Sunni Arabs may view his hanging as yet another aspect of Iraq’s long national humiliation, even though many did not condone his regime’s excesses. Some Iraqis fear that his execution will set back the chances of a political settlement between Iraq’s Shia-led government and the country’s Sunnis that could undercut support for the country’s insurgency.

But the execution may bolster the government’s standing among militant Shia groups, many of whom suspected that the former dictator might be able to strike a last-minute deal with the Americans to escape the gallows.

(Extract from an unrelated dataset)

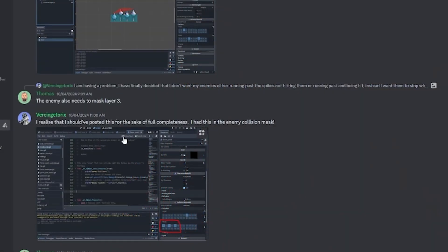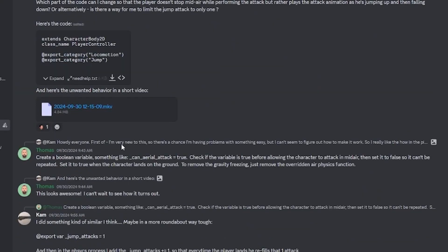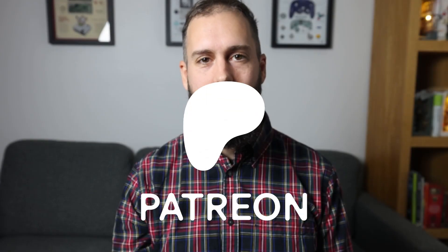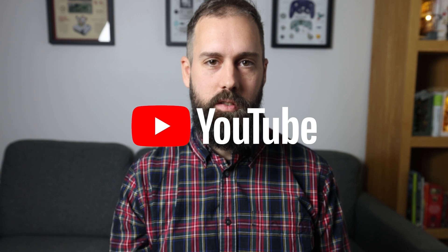Our Discord server is active with students, hobbyists, and professionals helping each other learn the skills they need to finish their projects. The best place to follow me is on Patreon, which you can join for free, or you can subscribe to my YouTube channel.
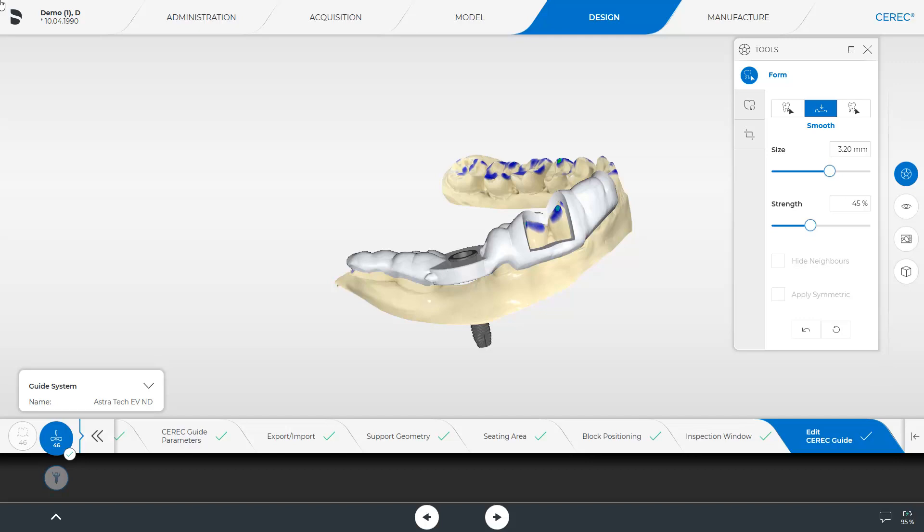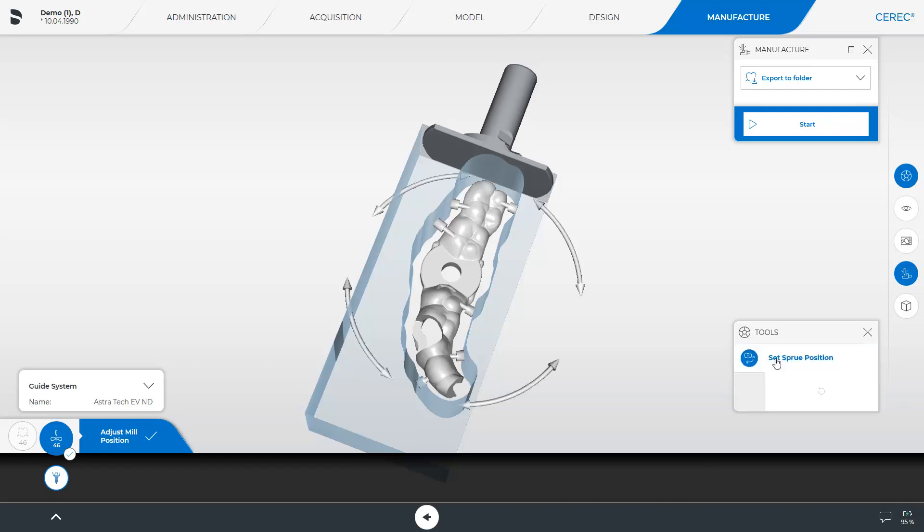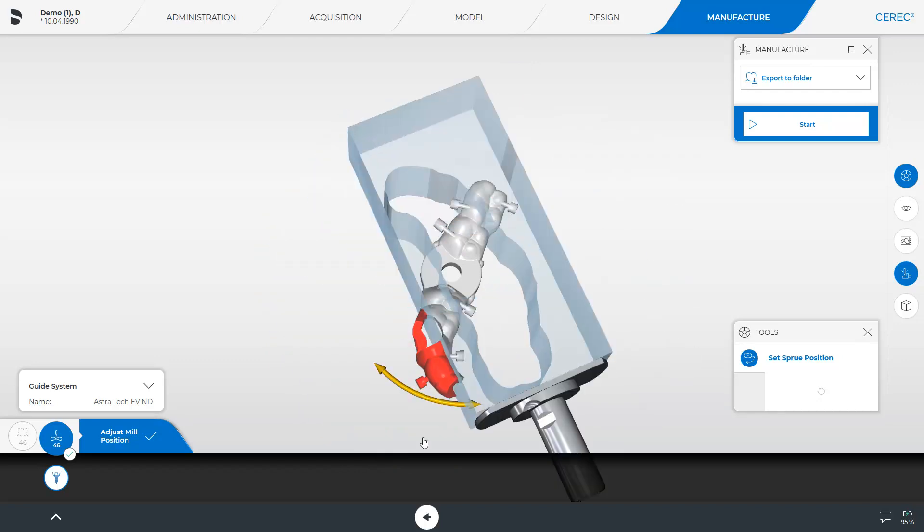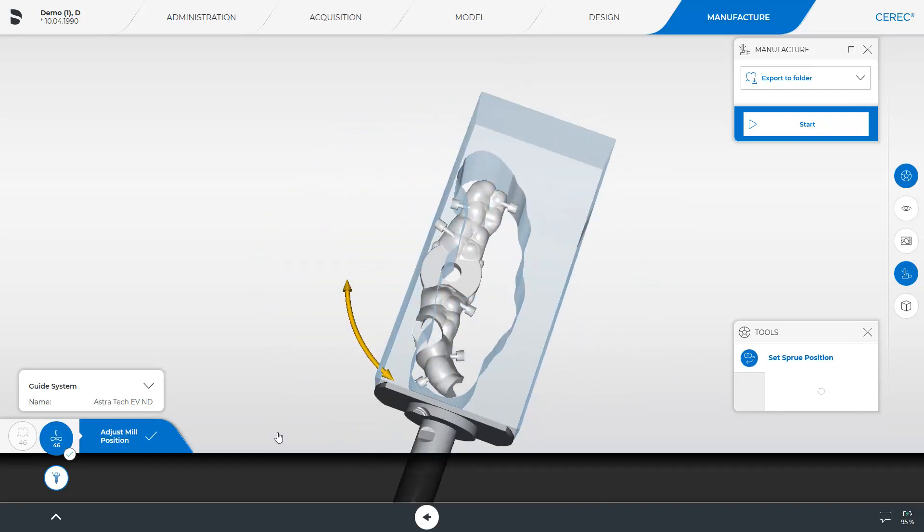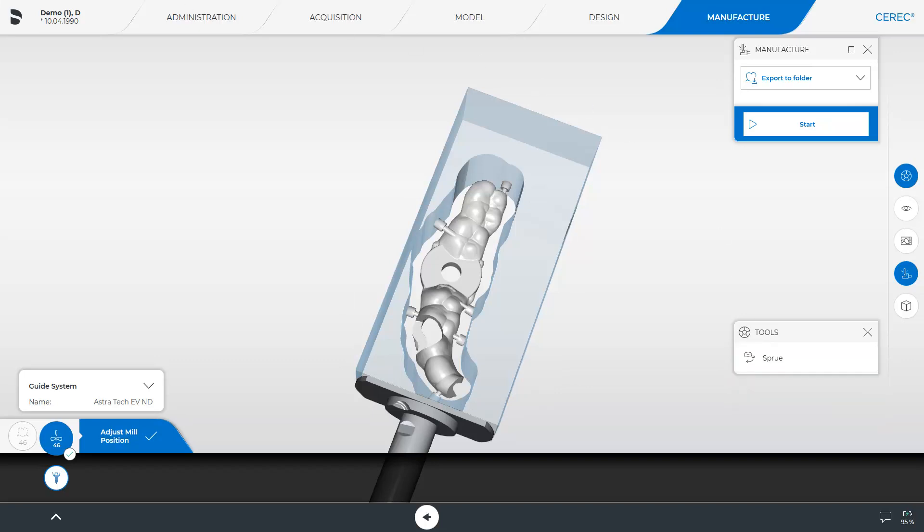Now, we come to the last phase, the manufacture phase. The CEREC software automatically positions the guide within the block. The sprue tool is available in case you want to change the position. To do this, we move the cursor to the block where arrows are displayed in a circle. The guide is now realigned in the block. To avoid further modifications, we deactivate the tool and start manufacturing the guide.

President George W. Bush justified the 2003 invasion of Iraq on the basis that Mr Hussein possessed weapons of mass destruction. After US forces failed to find those weapons, the Bush administration argued that the invasion had still been justified because it had removed the dictator from power.

The execution comes as the Bush administration prepares to unveil a new policy to help stop the violence that has claimed the lives of tens of thousands of Iraqis and almost 3,000 US troops.

Iraqis had braced themselves for the execution of their former ruler on Friday following mounting speculation that Mr Hussein would be sent to the gallows before the Muslim holiday of Eid al-Adha, which began on Saturday morning.

Nouri al-Maliki, Iraqi prime minister, on Friday said nothing could overturn the death sentence.

“Our respect for human rights requires us to execute him, and there will be no review or delay in carrying out the sentence,” he said.

Mr Hussein, 69, was sentenced to death by an Iraqi special tribunal on November 5 for his role in a campaign of reprisals ordered against the Shia village of Dujail, where he suffered a 1982 assassination attempt. The campaign led to scores being executed and many others subjected to torture and long-term detention.

His trial was marked by allegations of political interference and procedural errors, and some international organisations had called on the government not to go through with Mr Hussein’s execution.

In Washington late on Friday night, a federal judge rejected a last-ditch petition by lawyers for Mr Hussein to block the US military from handing the former president over to Iraqi officials.

Democratic Senator Edward Kennedy said Mr Hussein had been “a brutal tyrant and murderous dictator”. “Now it is time for the people of Iraq to work to reconcile their differences and to heal the wounds of the past. Only that process will end the violence that has prevented Iraq from moving forward,” he said.

Pete Hoekstra, the outgoing Republican chairman of the House intelligence committee, said: “I do not support the death penalty, but Saddam Hussein’s fate was determined by an Iraqi judicial system that was created by the free Iraqi people. His sentence was delivered swiftly and the pain was minimised - the same cannot be said for his many hundreds of thousands of victims.”